Therefore, the measurement scheme used in Eq. (15) saturates the quantum Cramér-Rao bound and is optimal.

Entanglement is one of the most subtle and intriguing phenomena in the microscopic world. Its usefulness has been demonstrated in various applications such as quantum teleportation [83, 84], quantum cryptography [85, 86, 87], and quantum dense coding [85, 88, 89]. It occurs when a group of particles are generated or share spatial proximity in a way such that their state cannot be described independently by the states of the constituent particles. Measurements of physical quantities such as position, momentum, spin, and polarization performed on entangled particles can be found to be perfectly correlated. The exploitation of entanglement in quantum technologies has great potential to outperform the schemes based on classical physics. This is also true for quantum metrology.

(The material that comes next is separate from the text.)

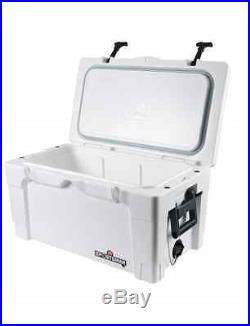 Boat Cooler Igloo Sportsman Camping Marine Large 55 Gallon Fishing Ice Chest New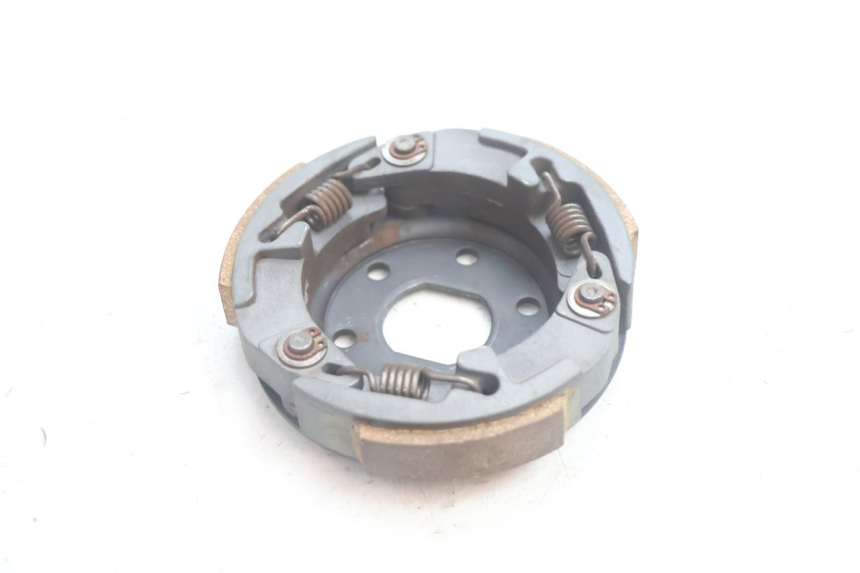 photo de FRIZIONE JM MOTORS OLDIES 4T 50 (2020 - 2026) - Altra angolazione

First, the $N$ atoms are prepared in the ground state $|\psi_{\text{in}}\rangle=|g\rangle^{\otimes N}$. A $\pi/2$ microwave pulse on the first atom is applied, see Fig. 1(b), and converts the state into $|\psi_{1}\rangle=\frac{|g\rangle+|e\rangle}{\sqrt{2}}\otimes|g\rangle^{\otimes(N-1)}$. A CNOT gate, with the first atom acting as the control bit and other $N-1$ atoms acting as the target bits, is applied to the atoms. $|\psi_{1}\rangle$ becomes a Greenberger–Horne–Zeilinger (GHZ)-type entangled state

$$|\psi_{2}\rangle=(|g\rangle^{\otimes N}+|e\rangle^{\otimes N})/\sqrt{2}.$$

(17)

Second, the atoms experience a free evolution governed by the atomic Hamiltonian $\hat{H}_{0}=\Delta\sum_{j}\hat{\sigma}_{j}^{\dagger}\hat{\sigma}_{j}$ to encode $\omega_{0}$ into the probe state, which converts $|\psi_{2}\rangle$ into

$$|\psi(t)\rangle=(|g\rangle^{\otimes N}+e^{-iN\Delta t}|e\rangle^{\otimes N})/\sqrt{2}.$$

(18)

Third, another CNOT gate is applied again to convert $|\psi(t)\rangle$ into $|\psi^{\prime}(t)\rangle=\frac{|g\rangle+e^{-iN\Delta t}|e\rangle}{\sqrt{2}}\otimes|g\rangle^{\otimes(N-1)}$. Switching on the $\pi/2$ pulse again, $|\psi^{\prime}(t)\rangle$ becomes

$$|\psi_{\text{out}}\rangle=[\cos(N\Delta t/2)|g\rangle+i\sin(N\Delta t/2)|e\rangle]\otimes|g\rangle^{\otimes N-1}.$$

(19)

Measuring the excited-state population operator $\hat{O}=\hat{\sigma}_{1}^{\dagger}\hat{\sigma}_{1}$ of the first atom, we obtain the results 1 with probability $P_{1}=\sin^{2}{N\Delta t\over 2}$ and 0 with probability $P_{0}=\cos^{2}{N\Delta t\over 2}$. They lead to $\langle\hat{O}\rangle=\sin^{2}{N\Delta t\over 2}$, $\Delta O=|\sin(N\Delta t)|/2$, and $F_{\omega_{0}}=N^{2}t^{2}$. Repeating this experiment within a time duration $T$ yields $\upsilon=T/t$ sets of experimental results. Thus, according to the central limit theorem, the uncertainty of $\hat{O}$ is

$$\delta O=\frac{\Delta O}{\sqrt{T/t}}=\frac{|\sin(N\Delta t)|}{2}\sqrt{\frac{t}{T}}.$$

(20)

The error propagation formula results in

$$\delta\omega_{0}=(N^{2}Tt)^{-1/2},$$

(21)

which is called the HL [90, 91]. Equation (21) also equals the sensitivity evaluated from the Cramér-Rao bound (1). Obviously, by using entanglement, the HL has an $N^{1/2}$-times enhancement over the SNL in Eq. (15). The QFI of Eq. (18) is $\mathcal{F}_{\omega_{0}}(t)=N^{2}t^{2}$, from which the ultimate sensitivity of $\omega_{0}$ reads

$$\delta\omega_{0}=(\upsilon\mathcal{F}_{\omega_{0}})^{-1/2}=(N^{2}Tt)^{-1/2}.$$

(22)

It matches with Eq. (21). Therefore, the measurement scheme used above saturates the quantum Cramér-Rao bound and is optimal.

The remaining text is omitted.